(Bloomberg Businessweek) -- In recent weeks, executives from Nestle SA and Unilever—Europe’s biggest food companies—have groused that retailers are squeezing them ever harder on prices, slashing the premiums they’ve grown accustomed to. Their problems just got a lot bigger.
On Monday, J Sainsbury Plc announced it had offered $10 billion for Asda, the British unit of Walmart Inc. Sainsbury said the deal would forge a U.K. supermarket leader that could harness the American retail giant’s purchasing strength to trim prices of essential items by 10 percent.
That promise to consumers escalates a pricing battle that has already emptied store shelves in some countries of popular products like Maggi seasonings, Buitoni frozen pizza, and Marmite spread.

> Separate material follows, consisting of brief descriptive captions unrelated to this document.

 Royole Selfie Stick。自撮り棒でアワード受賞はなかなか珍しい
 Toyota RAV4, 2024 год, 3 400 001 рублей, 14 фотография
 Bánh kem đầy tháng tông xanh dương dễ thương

Nestle reported a drop in European prices in the first quarter, signaling a return to the deflation it’s had to cope with recently.
“The retail environment in Europe is only going to get more competitive, which likely means tough negotiations” for consumer-goods producers, said Kepler Cheuvreux analyst Jon Cox.

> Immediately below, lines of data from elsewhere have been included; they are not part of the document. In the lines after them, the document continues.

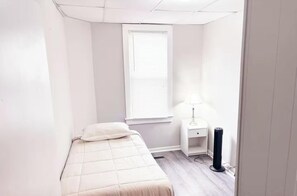 Een bureau, gratis wifi, beddengoed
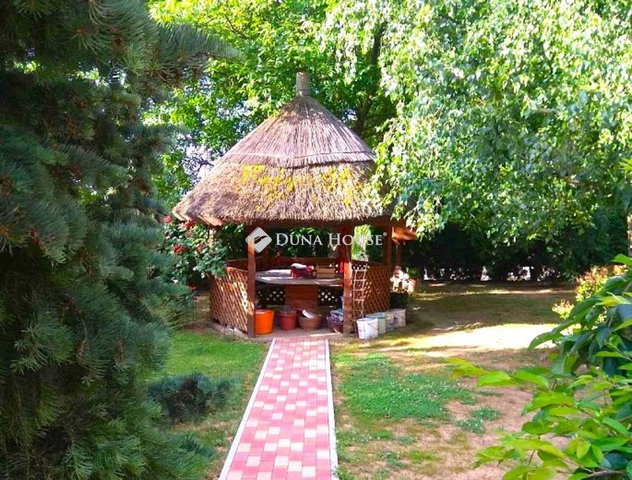 Eladó családi ház, Cserszegtomajon, Ifjúság utcában 149.9 M Ft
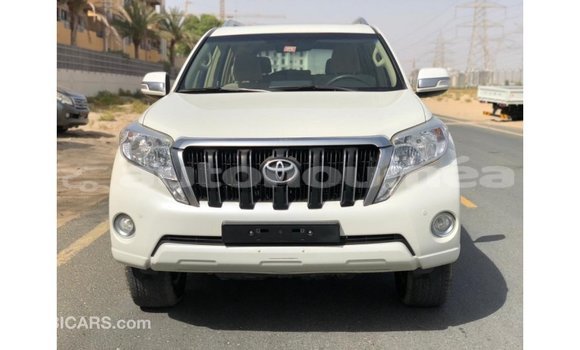 Acheter Import Voiture Toyota Prado Blanc à Import - Dubai, Iles Acheter Import Voiture Toyota Prado Blanc à Import - Dubai, Iles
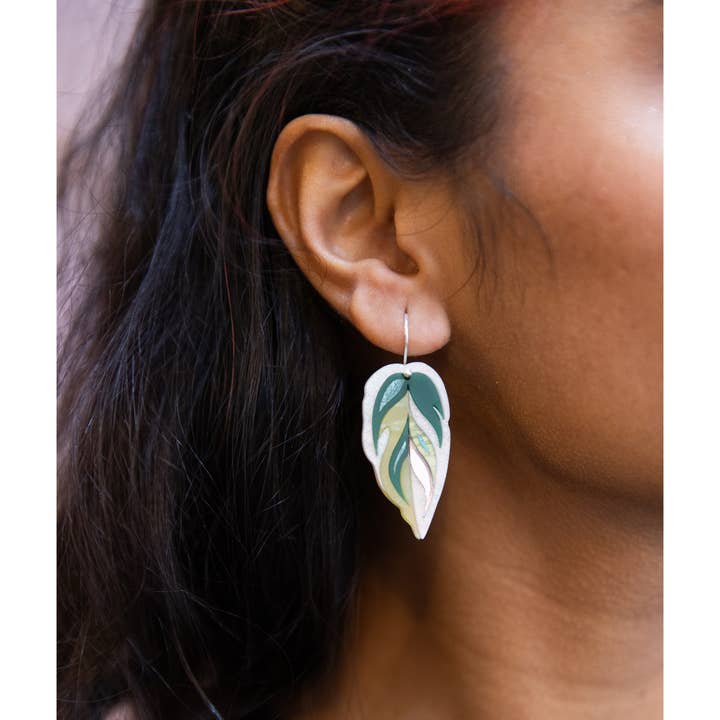 Rosa Pietsch – wholesale Dangle earrings – Calathea Leaf Hook Earrings : Pink & Green4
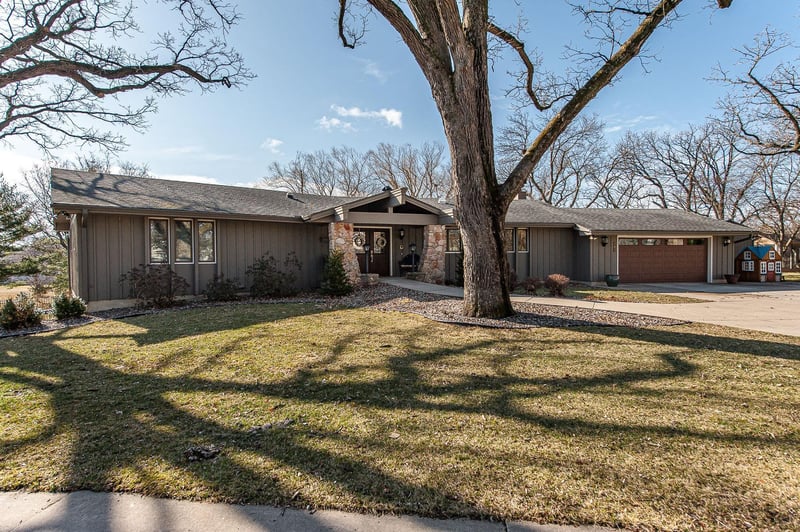 701 4th St SW, Austin, MN 55912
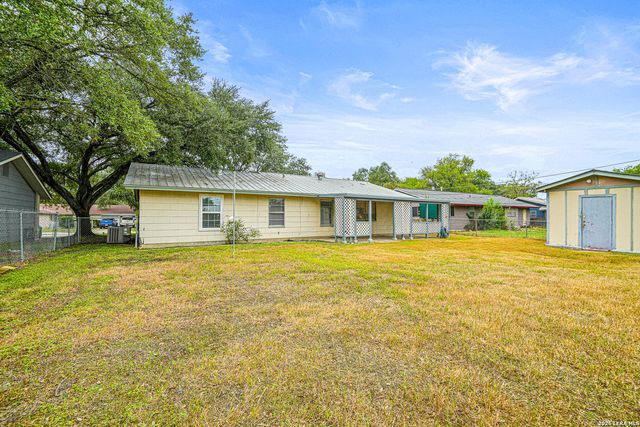 5125 FOXCROSS DR, Kirby, TX 78219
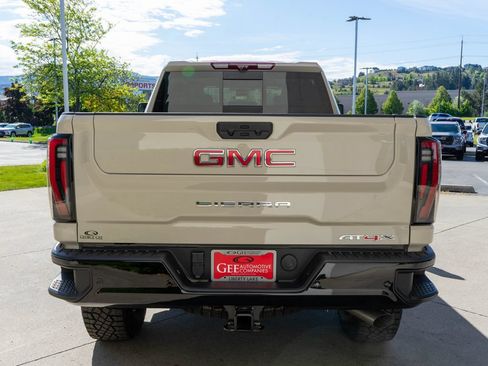 New 2026 GMC Sierra 2500 AT4X AWD/4WD image 6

The Sainsbury deal follows a purchasing tie-up in France between grocers Casino Guichard Perrachon SA and Auchan, which prompted rivals Carrefour SA and Systeme U to say last week that they had begun talks on a similar arrangement. U.K. supermarket leader Tesco Plc has acquired wholesaler Booker, which supplies thousands of convenience stores, to extend its reach. Two years ago, Dutch grocer Ahold combined with Belgium’s Delhaize.
“It’s not unreasonable for us to look at the buying terms of both businesses and to ask for the lowest price and pass that back to our customers,” Sainsbury Chief Executive Officer Mike Coupe said on a call with reporters. Big food companies “make spectacular returns on equity and are very, very profitable,” he added in a briefing.

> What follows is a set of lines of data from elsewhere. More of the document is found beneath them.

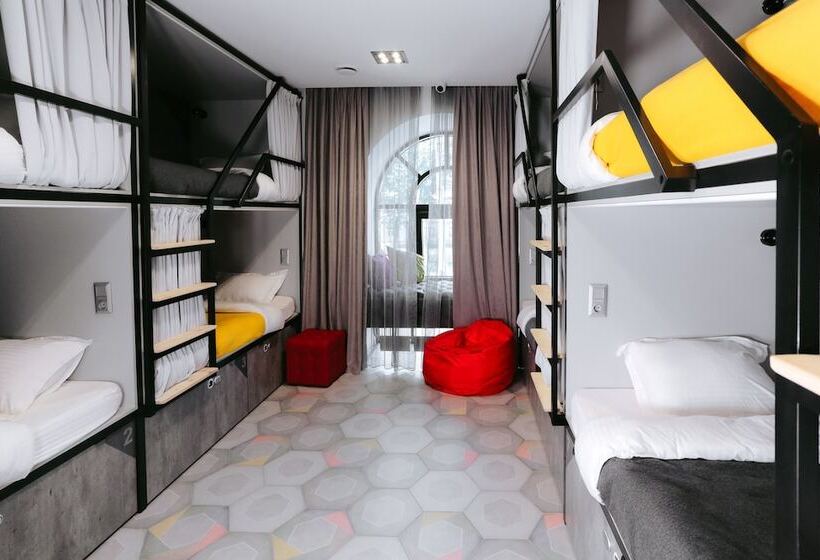 Vdali Poshtel   Hostel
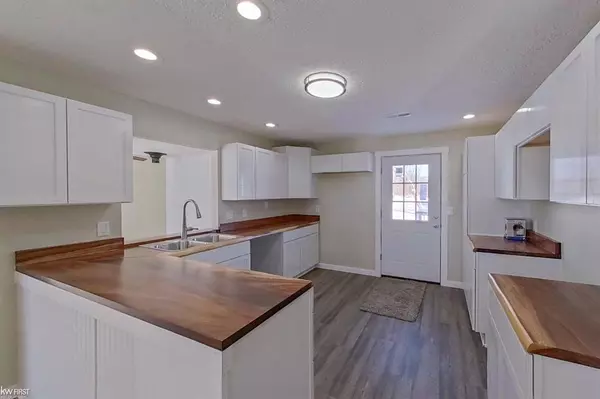 Davison Twp, MI 48423,7447 E Bristol Road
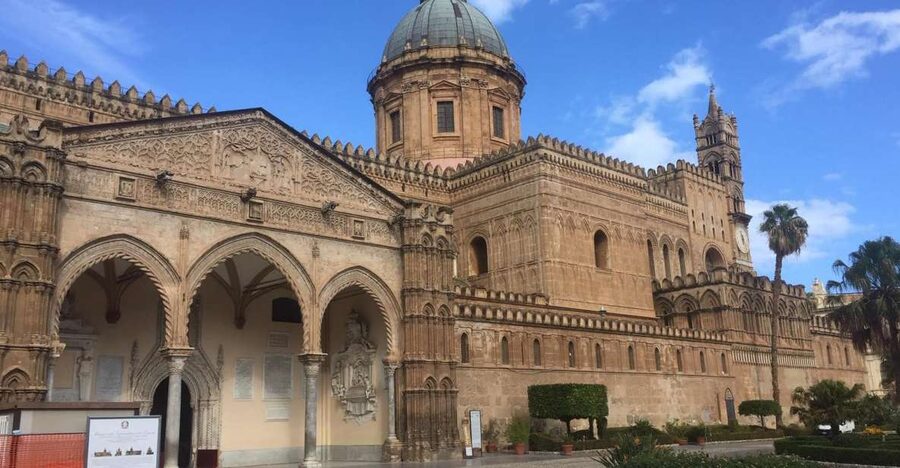 Palermo: Markets and Monuments City Center Walking Tour - Teatro Massimo: the opera house that sets the vibe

Coupe, who was caught singing “We’re in the Money” by a hot microphone Monday as he prepared for a television interview, portrayed the deal as a boon for consumers. Some U.K. politicians think otherwise. Alarmed at the prospect two companies—Sainsbury and Tesco—jointly controlling 60 percent of the market, they’ve called for a thorough antitrust review. After a nearly 15 percent jump Monday, Sainsbury shares rose a further 1.3 percent early Tuesday in London.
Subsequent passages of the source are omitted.